森沢明夫『津軽百年食堂』を読んで

この物語の中で私が取り上げたい点は、大きく分けて3つある。
一つ目は、情景描写が素晴らしいこと。そして限りなく優しいこと。これは、他の森沢作品でも言えることだ。森沢明夫さんの作品と初めて出会ったのは『虹の岬の喫茶店』。Kindleのunlimitedで読み放題だった彼のその本に釘付けになり、夜が更けるのも構わずに一気に読みふけったことを覚えている。
個人的に、彼の作品の一番いいところといっても過言ではないのが、彼にしか表せない情景や、匂いの表現の仕方だ。本書にも、「鉄錆と食物の油が混じったような『東京の夜の匂い』」(pp.57).Kindle 版.や「レモン色の空」(pp.124).Kindle 版、「岩木山から吹いてくる蒼い風」(pp.150).Kindle 版など、筆者独特の感性で情景や匂いが描写されている。彼の眼を通して描かれる世界はなんだか、幸せオーラがかかっていて、優しい。それが節々の描写に現れているのが、私は堪らなく好きなのだ。

そして、この物語の中で、これらの描写と絡み合って良いメインディッシュとなっているのが、なんといっても蕎麦の出汁の描写である。
時代が行ったり来たりしながら進むこの話の中で、蕎麦の出汁の描写は何回かある。この蕎麦の出汁は、物語の中で重要な鍵を担っているのではないかと思う。この物語自体が、蕎麦屋の食堂を描いた物語であり、その味が守られていることに、主人公たちは誇りを持っているからだ。その中でも印象的だった部分は2回ある。
一つは、大森トヨが大森食堂の開店日前日に、蕎麦の出汁の味見をしている場面。
もう一つは、「お母さん、ちょっとお願いがあるんですけど……。
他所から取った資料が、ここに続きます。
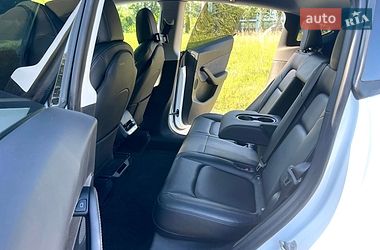 Внедорожник / Кроссовер Tesla Model Y 2021 в Чернигове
津軽蕎麦の出汁のひき方、いつかちゃんと教えて欲しいんです。それまでは、あの…… わたし以外の女性には、教えないでください」(p.275). Kindle 版.と、七海が明子に伝える場面である。
時代が変わっても受け継がれていく味。その味の、はじまりと、最新地点を同じ物語の中で前後の章に入れてしまうとは、森沢さん天晴れである。
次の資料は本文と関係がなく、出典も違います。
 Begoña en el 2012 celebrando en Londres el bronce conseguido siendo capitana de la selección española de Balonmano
最後に、3つ目。上記でも少し取り上げたが、過去の記憶と現在を同じ言葉や情景で結びつけるのが上手な森沢さんのセンスが光っている場面がたくさんあることである。
例えば、主人公は高校生の頃、陸上部に所属していて、最後の大会でバトンを落としたことを引きずっているが、最後に七海とボートの上でキスをするとき、バルーンの空気入れは彼の手にしっかりと握りしめられていた。
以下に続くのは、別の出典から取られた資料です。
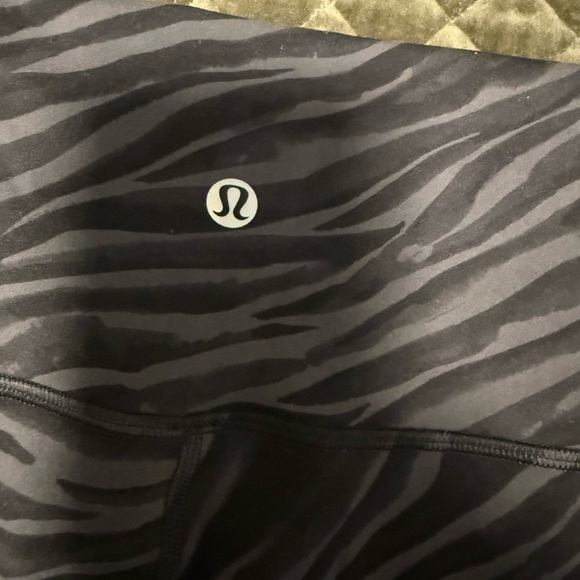Lululemon Wunder Train High Rise Short 8" Le Tigre Camo Deep Coal Multi Size 6 - Picture 5 of 7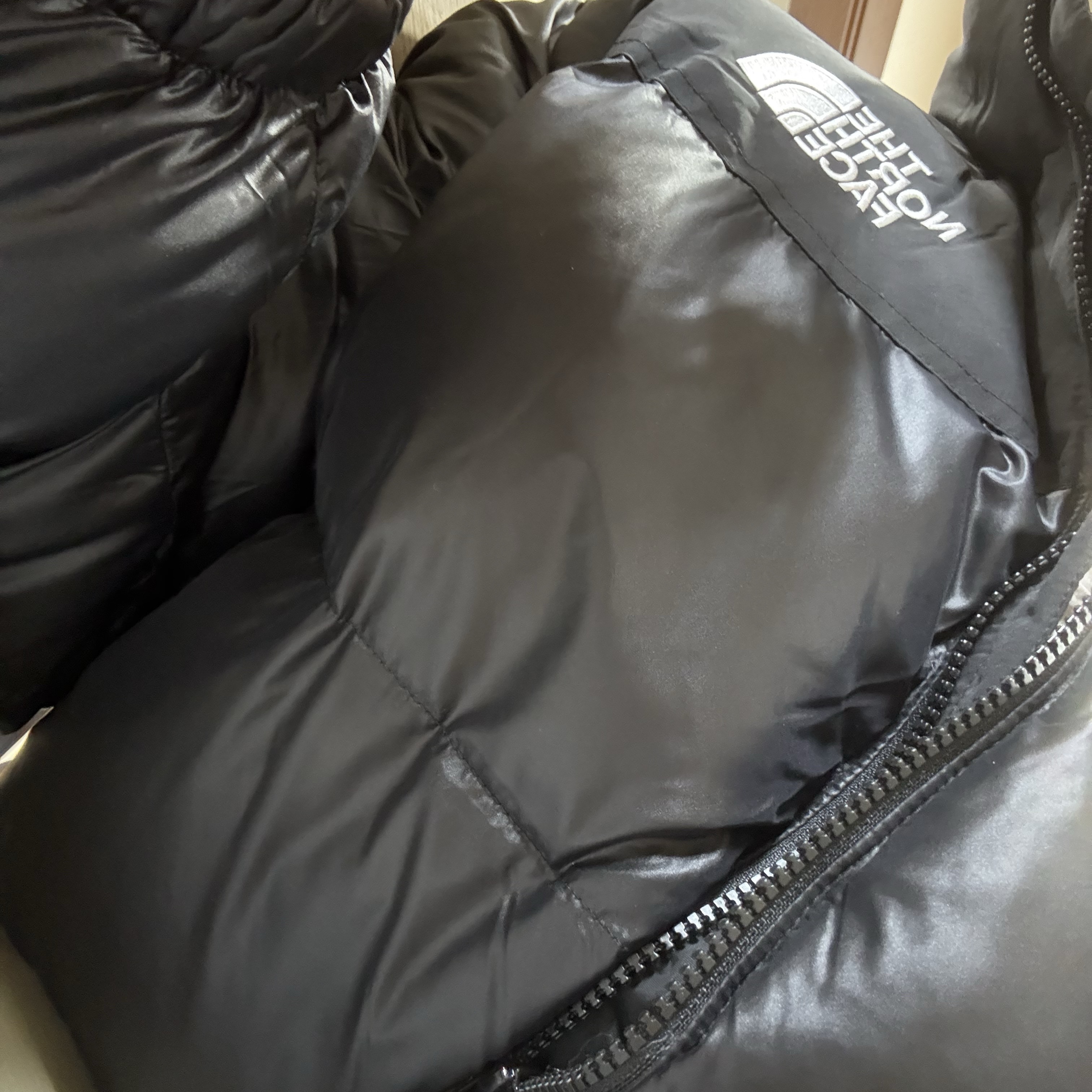 The North Face On Ball Jacket Black 착용 스타일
他にも、「男女が二人でいるときにね、どっちかの頭に桜の花びらが乗ったら、その二人 は幸せに結ばれるっていう噂」「え、ホントにぃ?」(p.259) Kindle 版 ここの場面で主人公と七海がしている会話は、賢治とトヨが結婚前の会話と全く同じだ。
そして、この無数に散らばっている会話や場面の数々を、最後に法螺吹きのよっちゃんが作る「津軽の抽き出し」で物理的にまとめている。過去から受け継いだその抽き出しは、物語の最後の「現代」にも残っていることがわかる。

素晴らしい情景描写で、変わらない伝統の味を表現することによって、過去と未来を優しく繋いでいく。この森沢さんの「優しい」繋ぎ方には、やはり彼自身があとがきにも書いているような「赦し」が含まれているような気がする。この物語に出てくる人間は、全員が全員、完璧ではない。「なんか、みんな、色々あるんですね」(p.247) Kindle 版
と七海が言ったように、誰一人だって完璧に、上手には生きていけていなくて。それでもこの繋がりの中で「赦し」あって生きていっているのだ。
だからこそ、森沢作品はみんなあたたかい。少し傷ついて元気が欲しい時に読みたくなる著者第一位なのだ。生きることに切羽詰まって、周りの人にやさしくなれない時には、森沢さんが描く津軽に想いを馳せて、少しあたたかい気持ちを取り戻して自分を赦してあげたいような、そんな気持ちになる作品であった。